[Data extracted from a collection]

::::::::

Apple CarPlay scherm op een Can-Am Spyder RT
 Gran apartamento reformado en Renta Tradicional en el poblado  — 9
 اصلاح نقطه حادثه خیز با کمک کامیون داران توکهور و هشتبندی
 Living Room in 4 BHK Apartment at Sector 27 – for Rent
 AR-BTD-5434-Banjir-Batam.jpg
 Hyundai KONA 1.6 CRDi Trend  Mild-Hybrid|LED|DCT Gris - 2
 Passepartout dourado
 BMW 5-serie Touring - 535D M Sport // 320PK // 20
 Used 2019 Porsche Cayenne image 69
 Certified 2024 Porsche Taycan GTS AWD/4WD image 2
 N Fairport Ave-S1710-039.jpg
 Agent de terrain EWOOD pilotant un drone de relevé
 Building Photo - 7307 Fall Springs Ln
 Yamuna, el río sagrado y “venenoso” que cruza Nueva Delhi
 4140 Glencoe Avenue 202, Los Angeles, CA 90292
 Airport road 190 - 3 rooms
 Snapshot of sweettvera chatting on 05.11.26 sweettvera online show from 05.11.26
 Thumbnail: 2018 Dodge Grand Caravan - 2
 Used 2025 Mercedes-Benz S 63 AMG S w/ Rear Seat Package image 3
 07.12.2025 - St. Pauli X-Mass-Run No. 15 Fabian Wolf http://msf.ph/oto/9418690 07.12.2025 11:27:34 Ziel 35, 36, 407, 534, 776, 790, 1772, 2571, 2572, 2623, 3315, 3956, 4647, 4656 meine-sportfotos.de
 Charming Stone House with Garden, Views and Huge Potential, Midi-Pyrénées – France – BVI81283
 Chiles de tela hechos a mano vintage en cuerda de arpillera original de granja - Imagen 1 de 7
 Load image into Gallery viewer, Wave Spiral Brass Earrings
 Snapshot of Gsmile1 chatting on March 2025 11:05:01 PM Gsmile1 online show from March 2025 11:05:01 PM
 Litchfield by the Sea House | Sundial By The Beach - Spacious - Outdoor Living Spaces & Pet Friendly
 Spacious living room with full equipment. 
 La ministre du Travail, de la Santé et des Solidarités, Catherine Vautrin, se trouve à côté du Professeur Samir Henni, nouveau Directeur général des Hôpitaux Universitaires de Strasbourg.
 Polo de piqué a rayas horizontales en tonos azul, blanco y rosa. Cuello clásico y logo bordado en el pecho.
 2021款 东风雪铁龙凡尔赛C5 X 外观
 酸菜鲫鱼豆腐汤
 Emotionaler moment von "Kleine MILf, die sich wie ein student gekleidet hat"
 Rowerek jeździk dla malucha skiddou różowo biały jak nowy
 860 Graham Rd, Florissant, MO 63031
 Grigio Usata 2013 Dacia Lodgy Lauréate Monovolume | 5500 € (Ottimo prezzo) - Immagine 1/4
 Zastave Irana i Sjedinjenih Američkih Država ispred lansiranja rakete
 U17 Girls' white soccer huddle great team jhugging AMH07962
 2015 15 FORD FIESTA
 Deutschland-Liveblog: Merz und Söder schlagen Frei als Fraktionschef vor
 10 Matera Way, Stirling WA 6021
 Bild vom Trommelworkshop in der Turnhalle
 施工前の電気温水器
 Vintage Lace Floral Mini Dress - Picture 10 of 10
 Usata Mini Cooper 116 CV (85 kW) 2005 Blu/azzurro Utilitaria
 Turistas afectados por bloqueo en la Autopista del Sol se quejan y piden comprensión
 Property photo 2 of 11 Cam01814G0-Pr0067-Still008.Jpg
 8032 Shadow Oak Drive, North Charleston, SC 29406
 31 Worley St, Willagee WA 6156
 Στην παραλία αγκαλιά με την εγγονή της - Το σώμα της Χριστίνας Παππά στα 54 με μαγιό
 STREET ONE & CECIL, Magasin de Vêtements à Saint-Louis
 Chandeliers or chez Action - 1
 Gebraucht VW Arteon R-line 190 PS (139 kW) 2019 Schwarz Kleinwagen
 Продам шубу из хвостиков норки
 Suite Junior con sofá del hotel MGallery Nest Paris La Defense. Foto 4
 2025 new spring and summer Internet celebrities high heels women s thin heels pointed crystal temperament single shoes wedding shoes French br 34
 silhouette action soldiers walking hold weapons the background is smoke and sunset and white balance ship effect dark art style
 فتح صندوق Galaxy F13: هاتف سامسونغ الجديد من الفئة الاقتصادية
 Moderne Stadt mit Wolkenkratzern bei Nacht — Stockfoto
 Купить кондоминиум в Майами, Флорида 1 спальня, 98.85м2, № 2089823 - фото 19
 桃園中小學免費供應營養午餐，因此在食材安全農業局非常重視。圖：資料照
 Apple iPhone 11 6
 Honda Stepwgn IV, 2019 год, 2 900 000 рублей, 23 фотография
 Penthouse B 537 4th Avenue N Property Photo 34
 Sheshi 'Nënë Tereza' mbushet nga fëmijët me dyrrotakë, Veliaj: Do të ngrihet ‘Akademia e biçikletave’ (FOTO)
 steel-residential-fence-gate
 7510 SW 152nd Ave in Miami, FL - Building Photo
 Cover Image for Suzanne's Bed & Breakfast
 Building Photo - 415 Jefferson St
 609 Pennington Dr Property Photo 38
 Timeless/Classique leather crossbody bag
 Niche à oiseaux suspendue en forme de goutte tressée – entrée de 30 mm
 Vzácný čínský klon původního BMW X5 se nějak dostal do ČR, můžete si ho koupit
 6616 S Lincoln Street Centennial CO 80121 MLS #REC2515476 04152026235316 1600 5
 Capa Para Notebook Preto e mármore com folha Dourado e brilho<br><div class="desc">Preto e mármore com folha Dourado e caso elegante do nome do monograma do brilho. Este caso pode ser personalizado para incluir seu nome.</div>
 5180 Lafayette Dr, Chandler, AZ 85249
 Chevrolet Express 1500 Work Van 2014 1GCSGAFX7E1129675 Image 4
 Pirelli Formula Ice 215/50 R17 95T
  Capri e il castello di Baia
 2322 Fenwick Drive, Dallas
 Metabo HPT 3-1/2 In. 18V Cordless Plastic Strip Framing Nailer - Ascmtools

::::::::

From the entries above, extract only the lines running from the one containing "07.12.2025 - St." through the one containing "Zastave Irana i", inclusive.

 07.12.2025 - St. Pauli X-Mass-Run No. 15 Fabian Wolf http://msf.ph/oto/9418690 07.12.2025 11:27:34 Ziel 35, 36, 407, 534, 776, 790, 1772, 2571, 2572, 2623, 3315, 3956, 4647, 4656 meine-sportfotos.de
 Charming Stone House with Garden, Views and Huge Potential, Midi-Pyrénées – France – BVI81283
 Chiles de tela hechos a mano vintage en cuerda de arpillera original de granja - Imagen 1 de 7
 Load image into Gallery viewer, Wave Spiral Brass Earrings
 Snapshot of Gsmile1 chatting on March 2025 11:05:01 PM Gsmile1 online show from March 2025 11:05:01 PM
 Litchfield by the Sea House | Sundial By The Beach - Spacious - Outdoor Living Spaces & Pet Friendly
 Spacious living room with full equipment. 
 La ministre du Travail, de la Santé et des Solidarités, Catherine Vautrin, se trouve à côté du Professeur Samir Henni, nouveau Directeur général des Hôpitaux Universitaires de Strasbourg.
 Polo de piqué a rayas horizontales en tonos azul, blanco y rosa. Cuello clásico y logo bordado en el pecho.
 2021款 东风雪铁龙凡尔赛C5 X 外观
 酸菜鲫鱼豆腐汤
 Emotionaler moment von "Kleine MILf, die sich wie ein student gekleidet hat"
 Rowerek jeździk dla malucha skiddou różowo biały jak nowy
 860 Graham Rd, Florissant, MO 63031
 Grigio Usata 2013 Dacia Lodgy Lauréate Monovolume | 5500 € (Ottimo prezzo) - Immagine 1/4
 Zastave Irana i Sjedinjenih Američkih Država ispred lansiranja rakete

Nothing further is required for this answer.